[[ Provided records open ]]
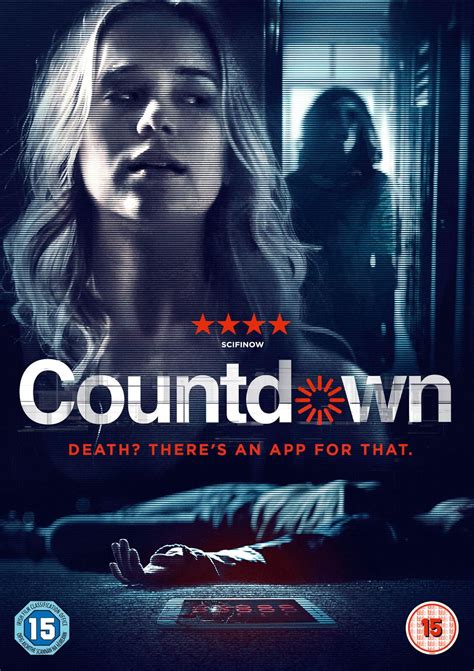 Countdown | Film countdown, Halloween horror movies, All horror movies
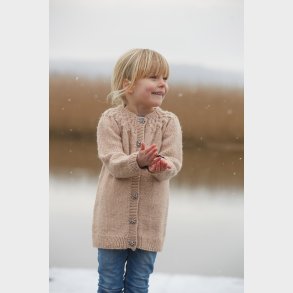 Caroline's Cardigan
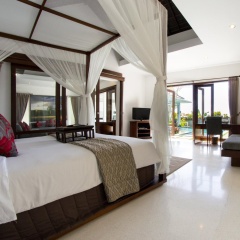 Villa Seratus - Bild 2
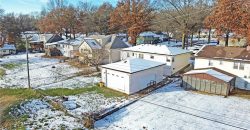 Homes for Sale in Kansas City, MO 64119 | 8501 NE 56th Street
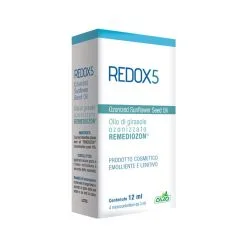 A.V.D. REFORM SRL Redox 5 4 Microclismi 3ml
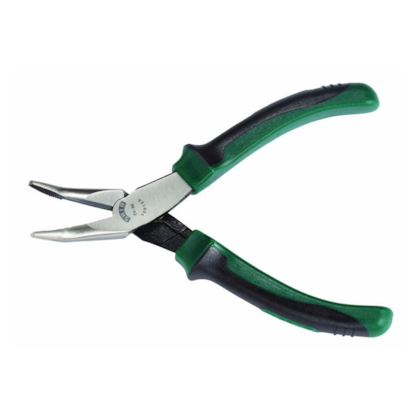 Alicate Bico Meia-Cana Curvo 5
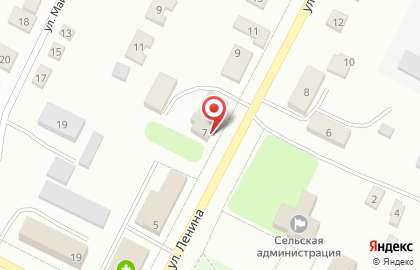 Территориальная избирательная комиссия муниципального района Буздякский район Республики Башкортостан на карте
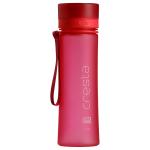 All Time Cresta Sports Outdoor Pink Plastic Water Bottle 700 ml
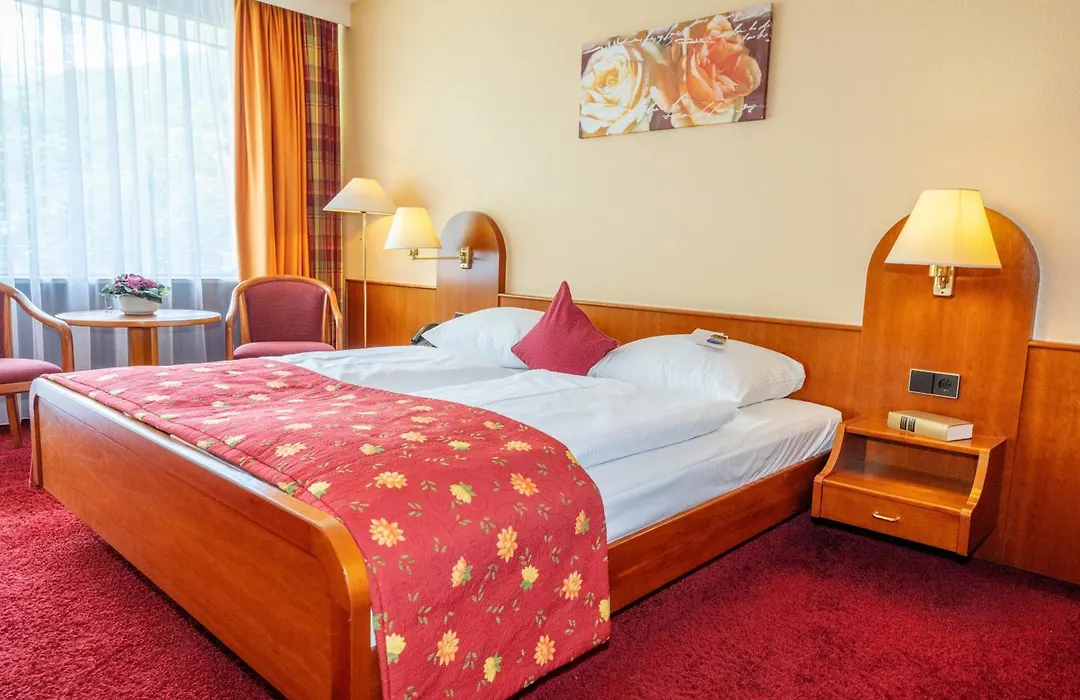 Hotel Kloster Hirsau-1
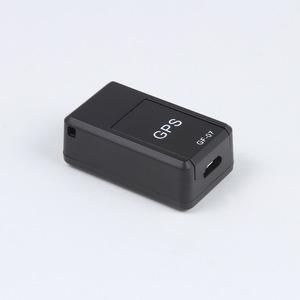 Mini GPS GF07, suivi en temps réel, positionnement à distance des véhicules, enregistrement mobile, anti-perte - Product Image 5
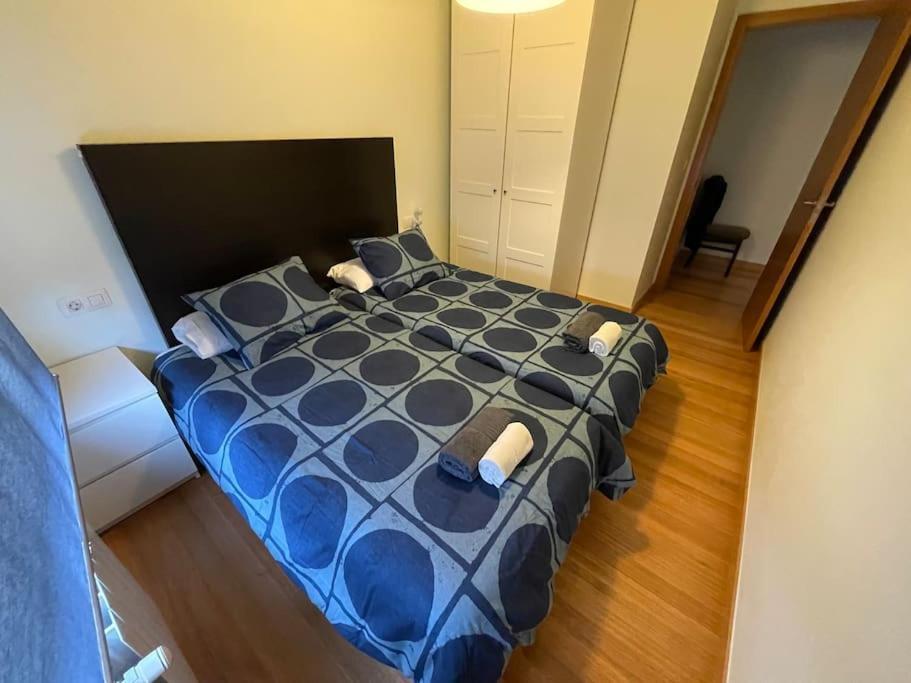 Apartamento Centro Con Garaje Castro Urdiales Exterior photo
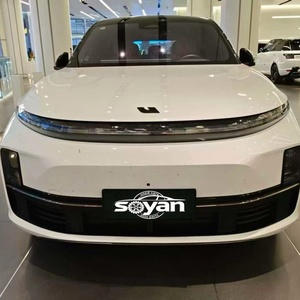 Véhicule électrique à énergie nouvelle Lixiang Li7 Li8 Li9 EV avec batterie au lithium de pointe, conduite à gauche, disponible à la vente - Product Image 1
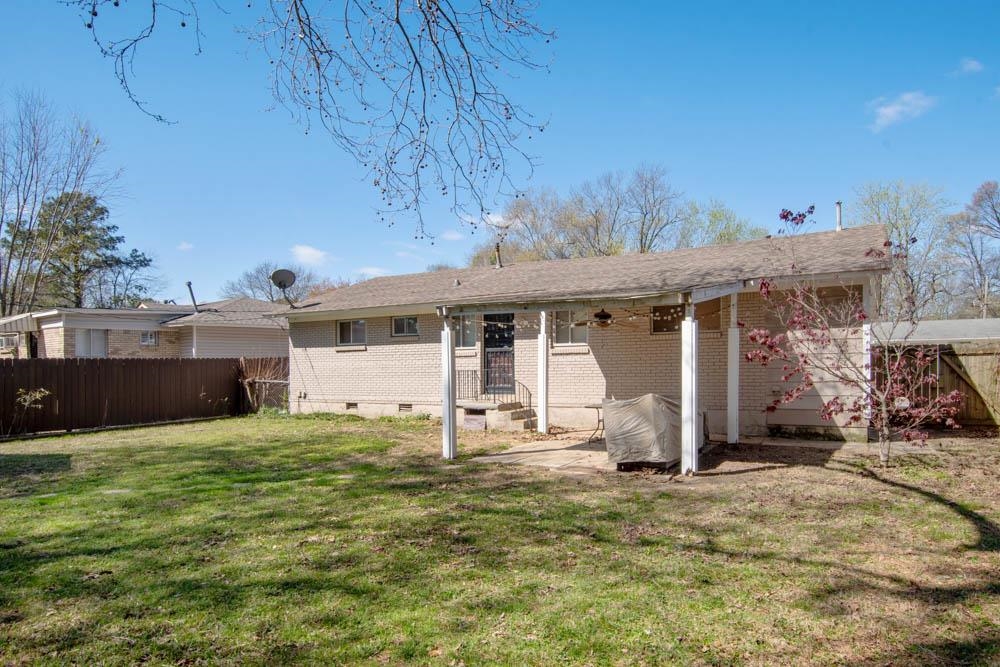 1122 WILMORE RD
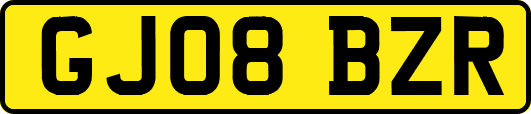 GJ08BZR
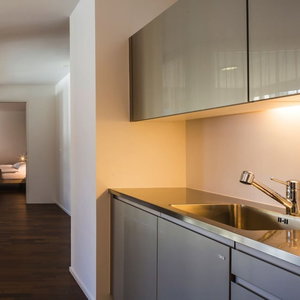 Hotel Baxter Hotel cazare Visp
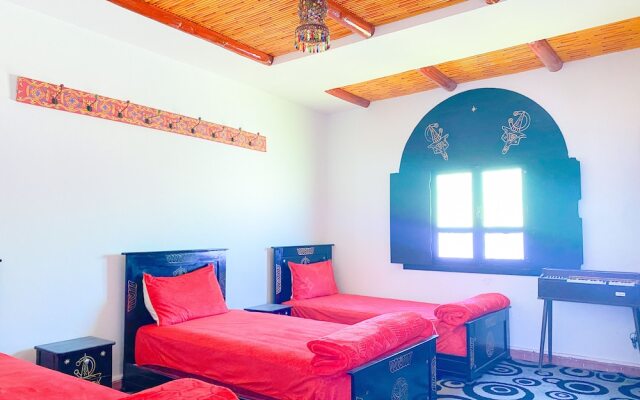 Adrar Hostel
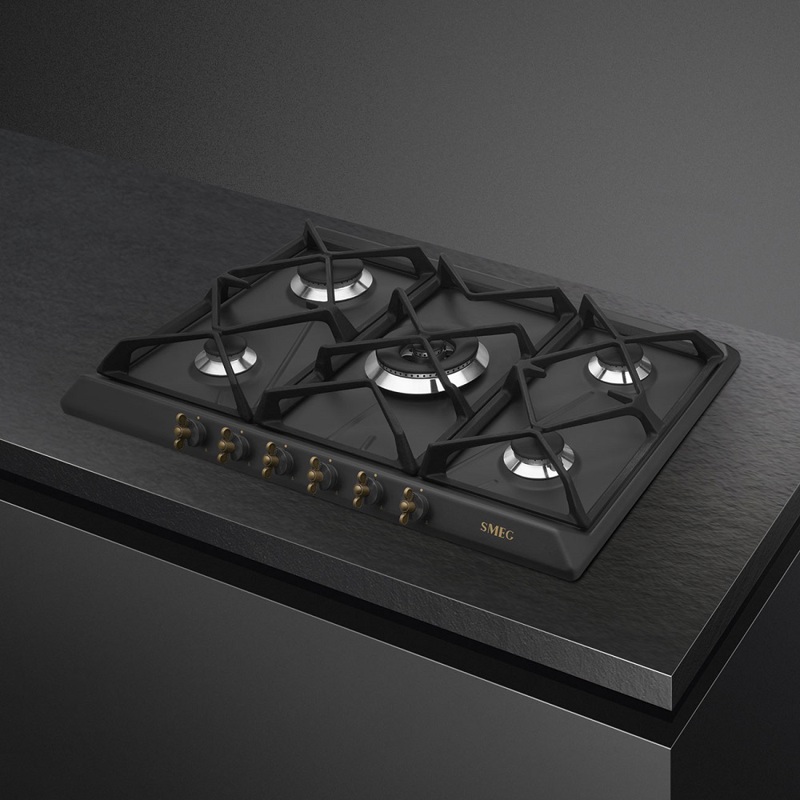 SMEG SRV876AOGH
[[ Provided records closed ]]
When you repeat the data, keep it exact and drop every picture.

 Countdown | Film countdown, Halloween horror movies, All horror movies
 Caroline's Cardigan
 Villa Seratus - Bild 2
 Homes for Sale in Kansas City, MO 64119 | 8501 NE 56th Street
 A.V.D. REFORM SRL Redox 5 4 Microclismi 3ml
 Alicate Bico Meia-Cana Curvo 5
 Территориальная избирательная комиссия муниципального района Буздякский район Республики Башкортостан на карте
 All Time Cresta Sports Outdoor Pink Plastic Water Bottle 700 ml
 Hotel Kloster Hirsau-1
 Mini GPS GF07, suivi en temps réel, positionnement à distance des véhicules, enregistrement mobile, anti-perte - Product Image 5
 Apartamento Centro Con Garaje Castro Urdiales Exterior photo
 Véhicule électrique à énergie nouvelle Lixiang Li7 Li8 Li9 EV avec batterie au lithium de pointe, conduite à gauche, disponible à la vente - Product Image 1
 1122 WILMORE RD
 GJ08BZR
 Hotel Baxter Hotel cazare Visp
 Adrar Hostel
 SMEG SRV876AOGH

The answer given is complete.